• **DATASET EXTRACT**
■ ■ ■ ■ ■
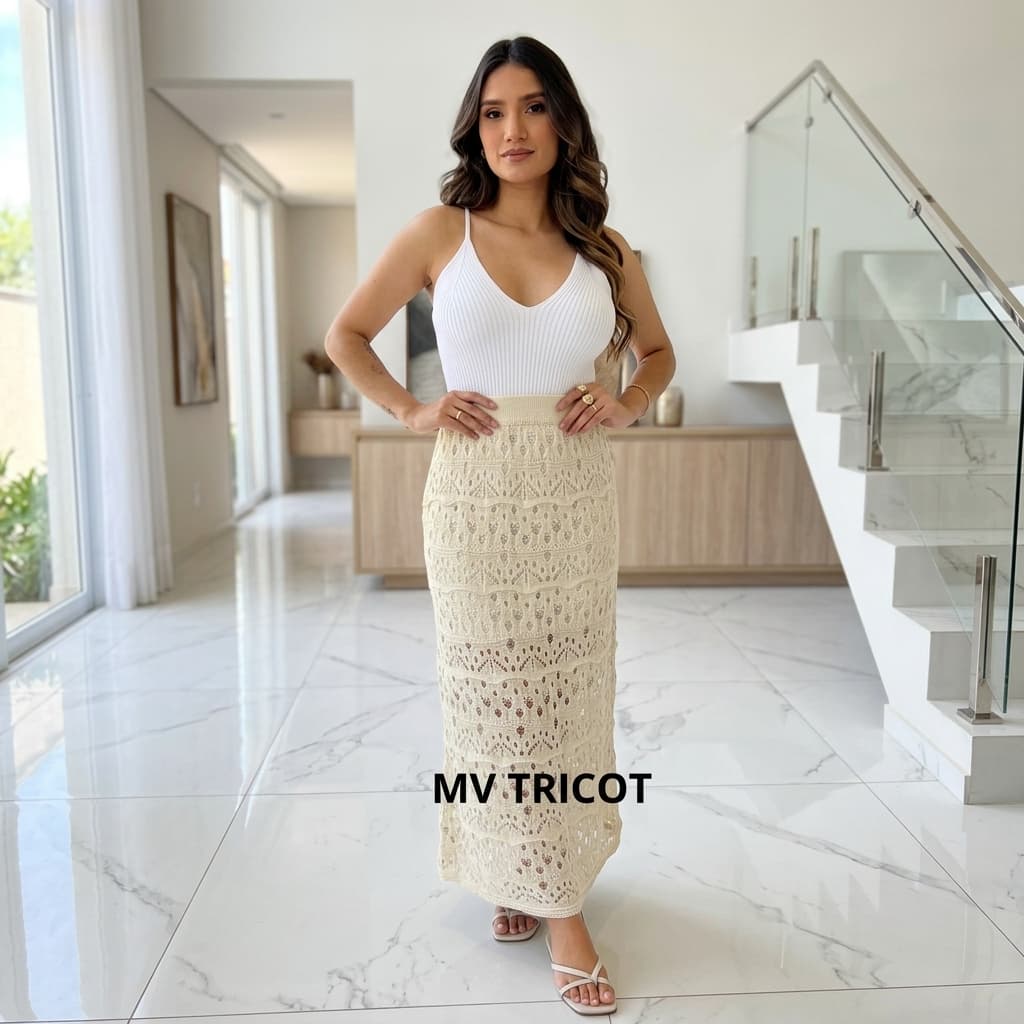 Saia Feminina Midi Lisa Forrada Ponto Crochê em Tricot  Casual , Elegante ,Versátil , Moda Verão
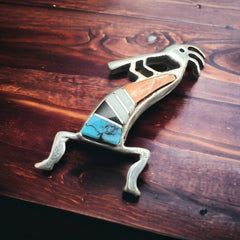 Kokopelli inlay brooch - signed by artist - Cowhide and Conchos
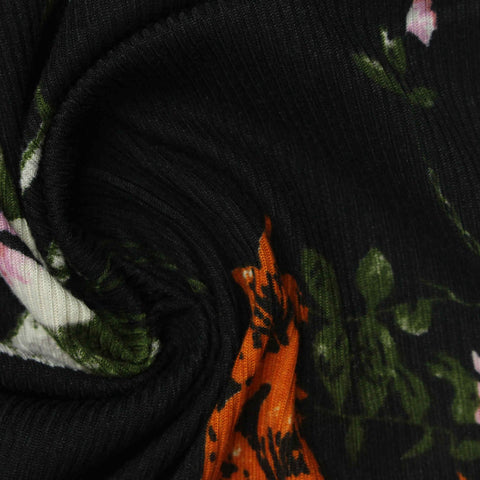 Orange Floral Rib Knit, Polyester, 145 gsm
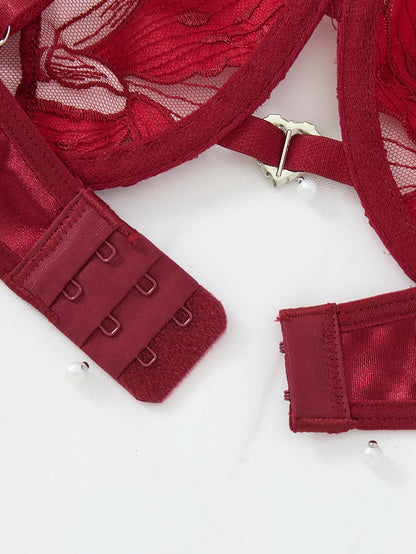 LINCARIE – Embroidered Floral Push-Up Lingerie Set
■ ■ ■ ■ ■
• **YOUR OBJECTIVE**
Before copying the material, set its pictures aside; then transcribe it word for word.

• **ANSWER FOR THIS EXERCISE**
 Saia Feminina Midi Lisa Forrada Ponto Crochê em Tricot  Casual , Elegante ,Versátil , Moda Verão
 Kokopelli inlay brooch - signed by artist - Cowhide and Conchos
 Orange Floral Rib Knit, Polyester, 145 gsm
 LINCARIE – Embroidered Floral Push-Up Lingerie Set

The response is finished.